Una frenata: la salita al Colle insieme a Bossi. E un'accelerazione: la cacciata degli esponenti di “Futuro e Libertà” da incarichi di partito che verrà decretata oggi dall'ufficio di presidenza. Insieme ad una sorta di possibile minirimpasto che porterà alla nomina del nuovo ministro dello Sviluppo Economico e all'uscita dal governo di tutti i ministri e sottosegretari vicini a Fini, con tanto di voto di fiducia che obbligherà il gruppo di “Futuro e Libertà” a scegliere.

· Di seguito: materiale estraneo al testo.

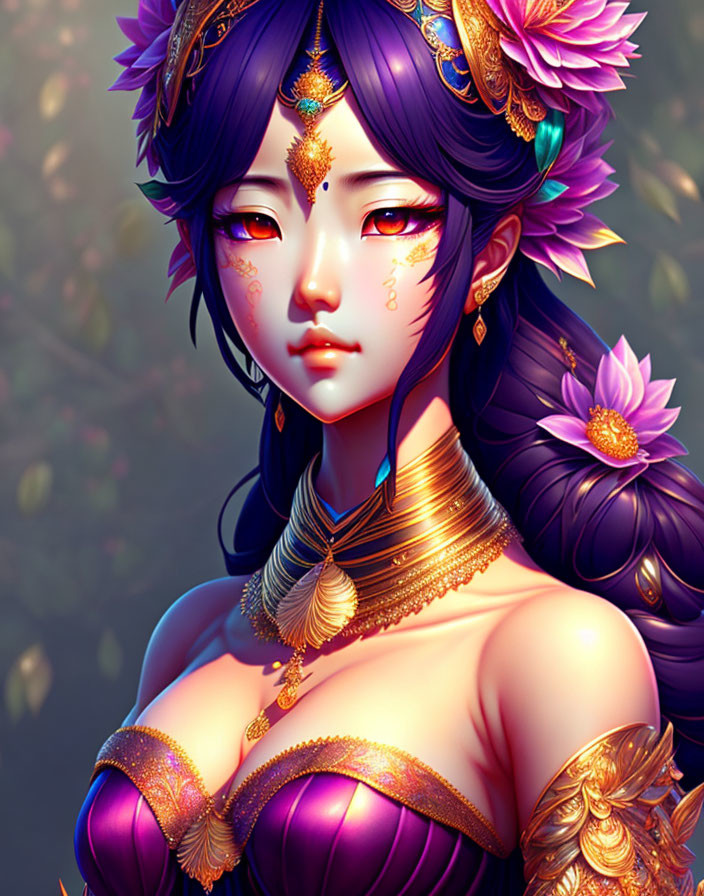 Illustrated Female Character with Purple Hair and Lotus Flower Theme Against Floral Backdrop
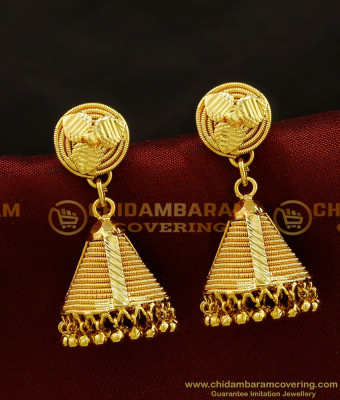 ERG693 - Latest One Gram Gold Stylish Bridal Gold Jhumka Design
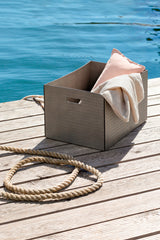 Marea Leather Storage Basket with Side Handles Rectangular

Silvio Berlusconi aggiusta la strategia ma non l'obiettivo che è quello di tirare giù al più presto e in qualunque modo Gianfranco Fini dalla poltrona di presidente della Camera. Obiettivo da raggiungere rapidamente predisponendo tutti, gruppi parlamentari, partito e ministri, ad un settembre di fuoco nel quale testare la capacità di Fini, del Quirinale e dell'opinione pubblica, di reggere l'urto.

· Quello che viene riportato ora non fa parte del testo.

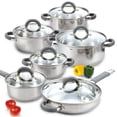 thumbnail image 1 of Cook N Home Basics Stainless Steel Cookware Sets, Pots and Pans Set with Stay-Cool Handle, Induction Compatible, Dishwasher and Oven Safe, 12-Piece, 1 of 8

Malgrado le resistenze di parte dell'ala ministeriale del partito – ieri Frattini, Gelmini, Carfagna e Prestigiacomo si sono ritrovati dopo il consiglio dei ministri per l'ennesima riunione nella quale non sono mancate le perplessità sulla strategia sinora seguita - Berlusconi punta diritto alle elezioni anticipate. Una strada stretta. Soprattutto perché l'alleato Umberto Bossi, che da giorni veste i panni del “poliziotto cattivo”. ha spiegato l'altra sera ad Arcore al presidente del Consiglio che «è assurdo chiedere ora le elezioni a marzo». «Se dobbiamo fare lo strappo si fa ora e noi siamo pronti anche a mandarti sotto in aula», si è offerto il Senatùr che in cambio riceverà il vai libera dall'ultimo consiglio dei ministri pre-elettorale di tutti e tre i decreti attuativi al federalismo che ancora mancano.
Ieri a pranzo, nell'affollatissimo vertice che si è tenuto in via del Plebiscito, Berlusconi ha dovuto prendere atto che la salita al Colle va preparata e che comunque a rappresentare il disagio della maggioranza al presidente del Consiglio, dovranno essere i gruppi parlamentari. Nel pomeriggio Berlusconi si è dovuto sentir dire più volte dai suoi che l'idea di salire al Quirinale per chiedere le dimissioni di Fini «è inopportuna» e che «Bossi ha esagerato». Il Cavaliere ha lasciato volentieri al Senatùr il "merito"dell'iniziativa, che comunque gli è servita per testare la voglia dei suoi di gettare il cuore oltre l'ostacolo e, se necessario, andare anche contro il Quirinale. Fatto sta che il Cavaliere in queste ore sta usando il fedelissimo alleato come ariete di sfondamento ed è probabile che, se necessario, lo userà al momento opportuno anche in aula. Anche a costo di apparire ostaggio della Lega alla quale basta un accenno del Cavaliere per scatenare una “rissa” con “i finiani” tale da costringere il Cavaliere a salire tra qualche settimana dal Capo dello Stato per rappresentare una situazione interna alla maggioranza che impedisce al governo di andare avanti, proponendo il rimpasto.
La strada è stretta e le resistenze interne non mancano, ma Berlusconi sempre più convinto che in alternativa le elezioni il prima possibile siano l'unica strada per «non farmi cuocere a fuoco lento e dare a tutti gli amici di Fini e al Pd il tempo di prepararsi». Votare a marzo o a giugno il Cavaliere lo considera «troppo tardi» e «inutile» anche per il Paese. Gli "stop and go" come quello sul “processo breve” che nuovamente è rientrato nell'agenda della maggioranza fanno quindi ritenere che l'obiettivo di coinvolgere il Colle è solo rimandato. Le prossime quattro settimane-politiche saranno molto calde sia fuori che nelle aule parlamentari e, qualora l'idea delle dimissioni di massa dei parlamentari del centrodestra contro Fini prendesse quota, potrebbe concretizzarsi l'auspicio di Pannella di un messaggio al Parlamento del capo dello Stato.